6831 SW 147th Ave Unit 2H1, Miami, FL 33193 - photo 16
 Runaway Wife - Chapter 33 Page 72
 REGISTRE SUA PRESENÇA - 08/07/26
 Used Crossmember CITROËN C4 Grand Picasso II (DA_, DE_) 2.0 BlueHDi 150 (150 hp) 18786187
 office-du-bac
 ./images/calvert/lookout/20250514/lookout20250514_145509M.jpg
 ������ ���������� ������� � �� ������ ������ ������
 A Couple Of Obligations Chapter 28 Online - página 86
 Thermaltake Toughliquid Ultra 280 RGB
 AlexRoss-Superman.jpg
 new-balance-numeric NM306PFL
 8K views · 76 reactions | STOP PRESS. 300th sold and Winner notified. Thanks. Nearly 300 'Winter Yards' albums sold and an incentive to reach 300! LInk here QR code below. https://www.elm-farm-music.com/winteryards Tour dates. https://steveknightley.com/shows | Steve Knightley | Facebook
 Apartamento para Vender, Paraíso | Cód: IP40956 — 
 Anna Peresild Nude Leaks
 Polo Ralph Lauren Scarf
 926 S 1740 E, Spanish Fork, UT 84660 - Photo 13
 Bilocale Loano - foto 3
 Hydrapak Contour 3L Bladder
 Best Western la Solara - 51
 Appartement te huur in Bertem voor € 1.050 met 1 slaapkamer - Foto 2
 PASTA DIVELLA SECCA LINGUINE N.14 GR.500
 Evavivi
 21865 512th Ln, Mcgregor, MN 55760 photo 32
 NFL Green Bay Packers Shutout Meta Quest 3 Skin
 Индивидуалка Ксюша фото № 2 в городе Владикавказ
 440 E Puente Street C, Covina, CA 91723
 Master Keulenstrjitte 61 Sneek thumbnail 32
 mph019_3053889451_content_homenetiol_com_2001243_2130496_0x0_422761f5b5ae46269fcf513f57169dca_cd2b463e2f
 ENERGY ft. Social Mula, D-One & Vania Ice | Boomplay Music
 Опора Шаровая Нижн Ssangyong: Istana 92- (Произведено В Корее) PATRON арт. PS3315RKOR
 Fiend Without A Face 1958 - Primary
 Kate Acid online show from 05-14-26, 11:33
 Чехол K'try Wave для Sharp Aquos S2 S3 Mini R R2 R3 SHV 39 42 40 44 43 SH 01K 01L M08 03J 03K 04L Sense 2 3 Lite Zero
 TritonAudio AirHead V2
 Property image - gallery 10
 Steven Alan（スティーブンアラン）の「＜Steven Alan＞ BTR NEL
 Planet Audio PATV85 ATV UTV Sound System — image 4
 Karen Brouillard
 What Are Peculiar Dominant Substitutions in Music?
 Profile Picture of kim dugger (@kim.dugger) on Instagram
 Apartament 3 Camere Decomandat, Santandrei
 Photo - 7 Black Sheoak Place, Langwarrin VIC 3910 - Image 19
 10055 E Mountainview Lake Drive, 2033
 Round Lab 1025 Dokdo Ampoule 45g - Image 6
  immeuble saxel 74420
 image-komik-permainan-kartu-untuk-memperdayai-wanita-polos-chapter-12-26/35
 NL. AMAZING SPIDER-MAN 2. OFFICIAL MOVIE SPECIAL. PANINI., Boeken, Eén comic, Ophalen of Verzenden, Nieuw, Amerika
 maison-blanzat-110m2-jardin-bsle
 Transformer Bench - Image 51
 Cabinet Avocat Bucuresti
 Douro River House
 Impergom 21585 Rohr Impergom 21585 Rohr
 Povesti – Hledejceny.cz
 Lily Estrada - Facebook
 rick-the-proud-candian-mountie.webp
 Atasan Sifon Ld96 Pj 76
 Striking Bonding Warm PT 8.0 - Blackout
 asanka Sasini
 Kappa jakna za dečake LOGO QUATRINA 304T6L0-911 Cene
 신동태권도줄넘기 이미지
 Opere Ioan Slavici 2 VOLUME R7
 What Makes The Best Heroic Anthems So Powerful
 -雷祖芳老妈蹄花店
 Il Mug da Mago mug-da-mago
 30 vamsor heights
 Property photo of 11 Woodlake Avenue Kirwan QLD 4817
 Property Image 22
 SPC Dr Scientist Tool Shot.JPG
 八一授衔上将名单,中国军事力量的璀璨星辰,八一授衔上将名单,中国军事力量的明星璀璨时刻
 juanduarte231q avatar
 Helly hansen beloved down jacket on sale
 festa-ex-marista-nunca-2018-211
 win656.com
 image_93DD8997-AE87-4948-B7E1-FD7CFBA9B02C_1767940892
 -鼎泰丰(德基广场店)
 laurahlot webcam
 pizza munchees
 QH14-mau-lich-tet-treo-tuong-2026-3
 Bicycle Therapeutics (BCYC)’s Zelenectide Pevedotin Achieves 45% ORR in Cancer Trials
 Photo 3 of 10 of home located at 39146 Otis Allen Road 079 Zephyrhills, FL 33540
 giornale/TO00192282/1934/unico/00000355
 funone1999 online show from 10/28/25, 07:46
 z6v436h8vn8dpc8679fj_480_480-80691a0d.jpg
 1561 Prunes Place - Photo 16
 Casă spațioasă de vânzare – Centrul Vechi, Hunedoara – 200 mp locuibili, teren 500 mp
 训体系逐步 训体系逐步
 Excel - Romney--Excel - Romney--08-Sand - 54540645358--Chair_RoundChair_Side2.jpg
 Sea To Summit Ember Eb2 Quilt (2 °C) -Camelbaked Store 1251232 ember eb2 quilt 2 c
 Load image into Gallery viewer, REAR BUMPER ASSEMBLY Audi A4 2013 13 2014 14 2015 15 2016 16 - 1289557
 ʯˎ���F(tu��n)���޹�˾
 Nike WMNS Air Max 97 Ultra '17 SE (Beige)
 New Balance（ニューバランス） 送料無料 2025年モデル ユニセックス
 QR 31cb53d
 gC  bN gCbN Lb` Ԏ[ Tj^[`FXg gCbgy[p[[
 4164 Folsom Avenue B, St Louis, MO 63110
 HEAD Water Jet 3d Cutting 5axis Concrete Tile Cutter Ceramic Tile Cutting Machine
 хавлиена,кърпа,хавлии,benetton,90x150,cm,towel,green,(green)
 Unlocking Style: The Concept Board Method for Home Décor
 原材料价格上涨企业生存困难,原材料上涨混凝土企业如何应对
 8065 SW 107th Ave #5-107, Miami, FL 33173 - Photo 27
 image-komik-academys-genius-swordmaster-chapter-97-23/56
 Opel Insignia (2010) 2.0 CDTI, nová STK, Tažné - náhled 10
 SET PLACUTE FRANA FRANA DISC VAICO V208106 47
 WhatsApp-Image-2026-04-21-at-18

▶ [EXERCISE INSTRUCTIONS] Without changing anything, quote the lines from the top of the data to the line that contains "Polo Ralph Lauren Scarf", including that line.

▶ [YOUR RESPONSE]
6831 SW 147th Ave Unit 2H1, Miami, FL 33193 - photo 16
 Runaway Wife - Chapter 33 Page 72
 REGISTRE SUA PRESENÇA - 08/07/26
 Used Crossmember CITROËN C4 Grand Picasso II (DA_, DE_) 2.0 BlueHDi 150 (150 hp) 18786187
 office-du-bac
 ./images/calvert/lookout/20250514/lookout20250514_145509M.jpg
 ������ ���������� ������� � �� ������ ������ ������
 A Couple Of Obligations Chapter 28 Online - página 86
 Thermaltake Toughliquid Ultra 280 RGB
 AlexRoss-Superman.jpg
 new-balance-numeric NM306PFL
 8K views · 76 reactions | STOP PRESS. 300th sold and Winner notified. Thanks. Nearly 300 'Winter Yards' albums sold and an incentive to reach 300! LInk here QR code below. https://www.elm-farm-music.com/winteryards Tour dates. https://steveknightley.com/shows | Steve Knightley | Facebook
 Apartamento para Vender, Paraíso | Cód: IP40956 — 
 Anna Peresild Nude Leaks
 Polo Ralph Lauren Scarf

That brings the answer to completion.